2. Everyone else feels like they're only pretending to be an artist too!

Apparently a lot of artists feel this way, and I definitely do. I know exactly how I make things, and how much of it is unplanned, accidental, happy mistakes. We doubt our credentials. We compare ourself to people we admire, and we don't think we measure up. But really there is no such thing as "pretending to make art", if you're expressing yourself artistically, and making the best art you know how, you are making art, and you are an artist.

Seriously what the hell Jeannie. Stop all of this tremendous work. 
3. The artists you look up to are not actually magical creatures who easily make masterpieces.

I am definitely guilty of thinking that these people who make the art I have pinned to my illustration board, or my artist friends who I admire so much, are secretly magic. I mean I don't really think they're magic because I don't believe in magic, but I definitely don't picture them as mortal beings slaving away, making mistakes, deleting their mistakes, revising, hating their work, feeling exhausted.

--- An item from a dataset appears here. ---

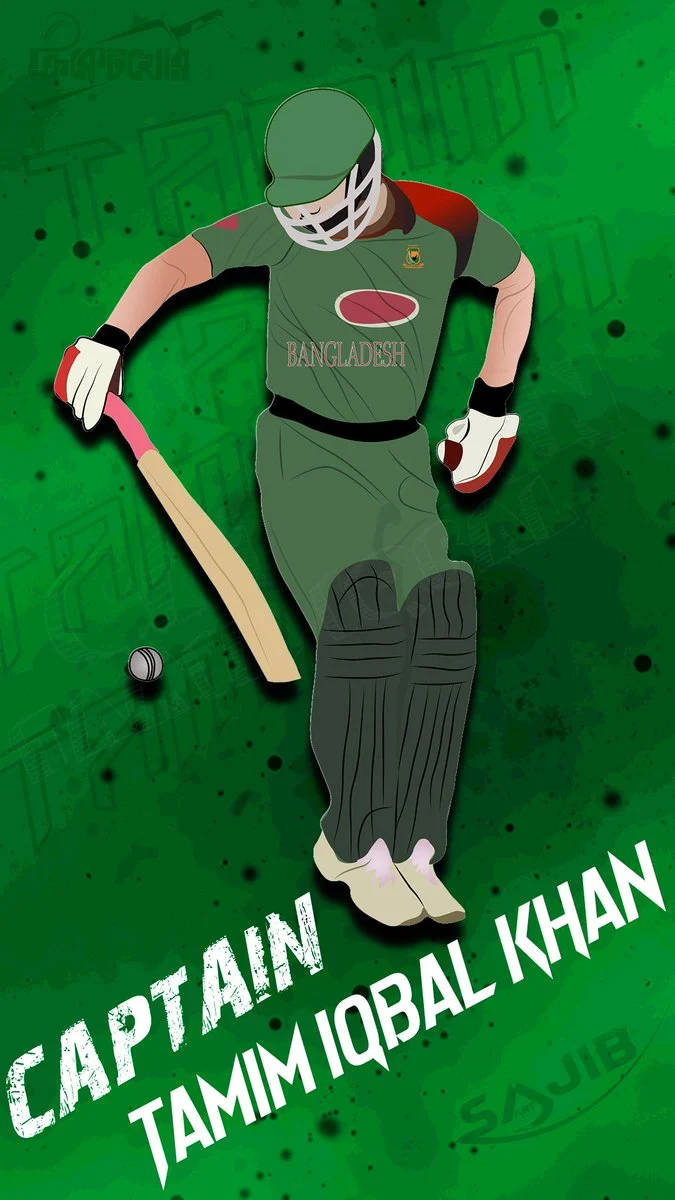 Iqbal 桌布 壁紙 — 插圖中的板球隊隊長 Tamim Iqbal Khan 身穿綠色制服，在帶有紋理的綠色背景中揮桿。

I picture them in beautiful studios with charmed lives where every brush stroke is an act of genius and they know all the answers before they even begin. I just picture their successes, not their struggles. But as described in Art & Fear, "Art is made by ordinary people", and in fact ordinary people are the ideal artist because great art needs to include warts and flaws and happy mistakes. If a perfect person made perfect art, why would I care about that? And guess what? I'm an ordinary person, and can therefore make art just like all of my wildly talented friends, like Jeannie Phan and Noreen Rana.

4. Striving for perfection is dumb and harmful to your work.

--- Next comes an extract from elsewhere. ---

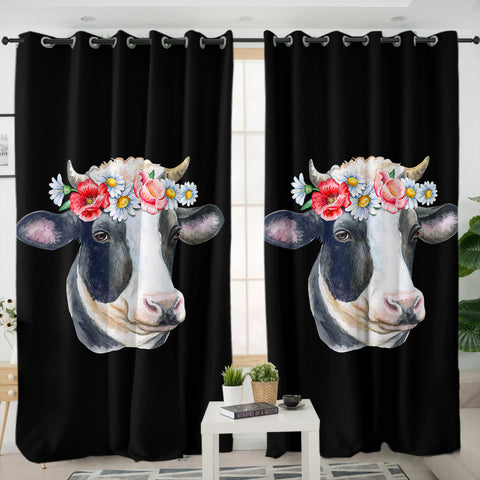 Image of Floral Dairy Cattle SWKL3663 - 2 Panel Curtains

Making mistakes is really scary. But it is important for artistic growth. If you try to avoid making mistakes, you will either stop making art, because if you aren't making anything there is no way you can mess it up, or you will stick to things you know you can do really well, and never challenge yourself. This is bad. Your mistakes show you what you need to improve on in your next piece. They are helpful and awesome, and being perfect is probably overrated and boring anyway.